Conservatives should have no reservations about demanding that U.S. companies advance American ends. As TR understood, joint-stock corporations are “artificial bodies” with special legal privileges and, therefore, do not share the rights of citizens. “Great corporations exist only because they are created and safeguarded by our institutions,” TR reminded Congress, “and it is therefore our right and our duty to see that they work in harmony with these institutions.”
Restoring harmony with American ideals demands leadership and vision. We could encourage the Fortune 500 to bring their operations back home by declaring the entire United States a Jack Kemp–style enterprise zone: a pro-growth and pro-business haven boasting a competitive 10 percent corporate tax rate, tort reform protecting industry from trial-lawyer plundering of profits, relief from the diversity police, iron-clad protections of U.S. intellectual property from foreign assaults, and a moratorium on environmental-impact statements and the enforcement of the Endangered Species Act.
Moreover, we could build a new generation of safe nuclear-power plants offering cheap and plentiful electricity to factories and startups in the Heartland.
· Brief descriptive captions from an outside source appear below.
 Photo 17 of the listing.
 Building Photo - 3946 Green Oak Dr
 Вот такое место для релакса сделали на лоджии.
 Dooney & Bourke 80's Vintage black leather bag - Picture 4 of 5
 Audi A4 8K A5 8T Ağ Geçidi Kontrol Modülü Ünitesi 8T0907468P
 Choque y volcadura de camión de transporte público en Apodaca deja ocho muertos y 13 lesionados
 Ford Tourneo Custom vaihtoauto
And we could ensure a robust market for made-in-the-USA goods by instituting a 100 percent domestic-content requirement for all Pentagon procurement contracts and mandating that all public-transportation construction and renovation projects use American-made supplies and materials.
In exchange for these incentives, corporations would agree to rapidly expand the U.S. job market while taking seriously their responsibilities to the American workforce by upholding the TR-style social contract and dramatically curtailing the rampant abuse of 1099 contracting and third-party staffing agencies.
Since the Industrial Revolution, we’ve never been a nation of self-employed peddlers. In chartering nationwide corporations, it’s not too much to ask these enterprises to fortify the U.S. economy by creating productive, well-paying, and secure jobs for their fellow Americans who consume the goods and services they create.
This was the essence of TR’s Square Deal and the “American Way” that emerged during World War II and lasted into the presidency of Ronald Reagan. Their renewal offers the only hope that a hollowed-out America can regain her strength — and survive the 21st century.